Mitsubishi executives stress that their product is 20 percent more fuel efficient than other leading single-aisle jets, because it was engineered specifically to work with a Pratt and Whitney high-bypass geared turbofan engine.
Such engines are more efficient because they require less jet thrust to propel them through the air. It will be quieter and slightly roomier than competitors' aircraft, they say.
The Mitsubishi regional jet is the successor to a failed attempt in the 1960s to break into the international commercial market with the 64-seat turboprop YS-11. The aim this time is finally to win Japan a foothold in the lucrative commercial passenger jet market.
Mitsubishi and Nakajima Aircraft Co. — predecessor to Fuji Heavy Industries, the parent company of Subaru — produced nearly 11,000 Zero fighters. Toward the war's end, hundreds were used in kamikaze suicide attacks.
After Japan's defeat, the U.S. occupation initially banned aircraft making. It was revived in the 1950s.
The aviation industry is a key supplier of components for passenger jets, most significantly the Boeing 787 Dreamliner, but mainly makes military aircraft for Japan's own defense force.
While it holds leading technologies in avionics, materials and other key aircraft-related know-how and products, Japan has yet to integrate them into an entire commercialized passenger aircraft.
"The real prestige in all this comes from being the systems integrator," Waldron said. "You design the aircraft and then you integrate it, which is where the value really comes in, and then can sell that abroad.

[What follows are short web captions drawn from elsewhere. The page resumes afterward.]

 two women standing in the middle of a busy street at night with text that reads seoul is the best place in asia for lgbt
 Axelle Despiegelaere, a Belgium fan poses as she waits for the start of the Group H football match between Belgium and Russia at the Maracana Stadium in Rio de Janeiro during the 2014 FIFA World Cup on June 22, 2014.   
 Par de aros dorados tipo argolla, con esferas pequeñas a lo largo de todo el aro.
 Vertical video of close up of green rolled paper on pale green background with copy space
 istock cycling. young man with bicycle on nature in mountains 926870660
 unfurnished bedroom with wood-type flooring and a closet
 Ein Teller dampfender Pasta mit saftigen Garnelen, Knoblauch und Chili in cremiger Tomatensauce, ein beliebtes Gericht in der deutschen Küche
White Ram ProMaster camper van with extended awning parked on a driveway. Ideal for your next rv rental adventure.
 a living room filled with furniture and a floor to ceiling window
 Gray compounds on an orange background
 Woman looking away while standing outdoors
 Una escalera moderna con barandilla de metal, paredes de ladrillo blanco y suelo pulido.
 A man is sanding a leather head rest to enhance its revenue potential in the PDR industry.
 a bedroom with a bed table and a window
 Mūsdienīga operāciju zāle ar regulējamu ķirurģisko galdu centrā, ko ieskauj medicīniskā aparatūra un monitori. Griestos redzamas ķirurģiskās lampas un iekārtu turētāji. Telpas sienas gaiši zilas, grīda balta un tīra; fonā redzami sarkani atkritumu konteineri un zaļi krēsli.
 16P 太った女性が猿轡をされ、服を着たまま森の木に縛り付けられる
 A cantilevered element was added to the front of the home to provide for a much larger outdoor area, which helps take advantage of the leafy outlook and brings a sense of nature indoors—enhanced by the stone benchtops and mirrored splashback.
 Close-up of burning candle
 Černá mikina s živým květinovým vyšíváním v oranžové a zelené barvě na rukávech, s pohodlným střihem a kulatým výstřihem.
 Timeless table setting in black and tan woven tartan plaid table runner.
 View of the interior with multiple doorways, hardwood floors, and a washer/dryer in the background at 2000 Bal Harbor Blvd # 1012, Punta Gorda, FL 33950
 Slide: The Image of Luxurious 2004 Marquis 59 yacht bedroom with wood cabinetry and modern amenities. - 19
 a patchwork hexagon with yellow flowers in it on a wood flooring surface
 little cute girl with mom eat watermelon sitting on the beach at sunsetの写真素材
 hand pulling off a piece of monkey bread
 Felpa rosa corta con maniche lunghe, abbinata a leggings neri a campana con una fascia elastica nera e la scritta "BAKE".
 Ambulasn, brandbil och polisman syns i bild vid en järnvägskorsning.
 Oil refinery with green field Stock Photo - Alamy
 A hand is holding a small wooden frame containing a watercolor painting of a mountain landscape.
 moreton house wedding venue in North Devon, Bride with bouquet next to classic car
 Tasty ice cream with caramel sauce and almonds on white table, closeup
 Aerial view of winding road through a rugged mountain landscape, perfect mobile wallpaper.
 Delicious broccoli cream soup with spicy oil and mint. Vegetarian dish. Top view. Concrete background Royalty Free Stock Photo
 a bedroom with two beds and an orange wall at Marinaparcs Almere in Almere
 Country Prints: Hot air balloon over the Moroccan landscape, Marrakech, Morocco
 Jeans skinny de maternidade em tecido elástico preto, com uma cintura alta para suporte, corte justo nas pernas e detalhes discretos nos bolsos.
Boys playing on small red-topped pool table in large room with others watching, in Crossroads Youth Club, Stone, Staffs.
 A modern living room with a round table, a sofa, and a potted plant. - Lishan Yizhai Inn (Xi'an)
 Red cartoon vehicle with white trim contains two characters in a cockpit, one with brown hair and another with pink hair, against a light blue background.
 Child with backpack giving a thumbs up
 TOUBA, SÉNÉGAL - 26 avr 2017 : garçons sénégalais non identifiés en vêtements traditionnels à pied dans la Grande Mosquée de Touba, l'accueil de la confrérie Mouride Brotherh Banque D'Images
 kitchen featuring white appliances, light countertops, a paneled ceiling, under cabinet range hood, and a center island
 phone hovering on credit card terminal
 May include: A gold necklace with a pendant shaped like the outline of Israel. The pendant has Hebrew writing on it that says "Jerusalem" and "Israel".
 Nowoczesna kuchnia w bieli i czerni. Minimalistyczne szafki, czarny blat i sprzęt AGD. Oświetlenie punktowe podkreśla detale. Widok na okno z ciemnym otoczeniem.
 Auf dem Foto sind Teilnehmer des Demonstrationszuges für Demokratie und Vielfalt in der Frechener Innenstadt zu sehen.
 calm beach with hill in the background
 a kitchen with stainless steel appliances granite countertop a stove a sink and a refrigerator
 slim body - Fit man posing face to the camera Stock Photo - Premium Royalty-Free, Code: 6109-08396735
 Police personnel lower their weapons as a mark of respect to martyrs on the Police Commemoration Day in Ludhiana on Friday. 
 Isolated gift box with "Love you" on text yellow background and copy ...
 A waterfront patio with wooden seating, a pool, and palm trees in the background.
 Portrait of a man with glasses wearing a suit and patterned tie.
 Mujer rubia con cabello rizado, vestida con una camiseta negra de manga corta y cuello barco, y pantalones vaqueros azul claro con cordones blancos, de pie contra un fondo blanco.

It's like a symbol of your country's prowess."
Airbus estimates demand for new passenger and cargo aircraft in 2014-2033 at 31,350, worth nearly $4.6 trillion. Mitsubishi says it hopes to win 20 percent of the global market for single-aisle passenger jets.
The company has 223 firm orders and 184 options, close to the scale that might enable it to begin recouping the 180 billion yen ($1.5 billion) it has spent developing the jet, based on the experience of other projects. SkyWest Inc. has made firm orders for 100 and took 100 as options, in a big boost for the project.
But delays in testing mean the jet's maiden flight has been pushed back to the July-September quarter from the current quarter. Mitsubishi says it will stick to its schedule for delivery to leading customer All Nippon Airways in the spring of 2017.
That may not allow enough lead time to make a dent in the overwhelming dominance of Embraer, which reports 1,549 firm orders and 772 options for its E-jet.
Earlier, the project suffered delays due to difficulties in getting deliveries of the hundreds of thousands of aircraft parts, about 70 percent of which are sourced from overseas.
Although the jet is "made in Japan" that refers only to its final assembly. Apart from the wings and other structural materials that are made by Mitsubishi Heavy Industries, and the landing gear, which is made by Sumitomo Precision Products, from the avionics in the cockpit to the galleys in the back, the plane mostly is built from foreign parts and equipment.
It's not that Japanese companies lack the capacity: Mitsubishi and other major Japanese companies make about 35 percent of the Boeing 787 "Dreamliner," providing the titanium alloy used for the body of the aircraft, carbon fiber composite material for its outer surface, wings, engines, tires, kitchen, audio visual system, batteries and wiring. But the aircraft industry is among the most globalized.
Japan has invested heavily in nurturing Nagoya as an aerospace hub. Home also to Toyota Motor Corp. and much of the auto parts supply chain, the region is a stronghold despite the shift of much Japanese manufacturing overseas.
The region provides more than two-thirds of the output value for airframe parts and has a GDP ranking 20th in the world, behind Switzerland but ahead of Belgium.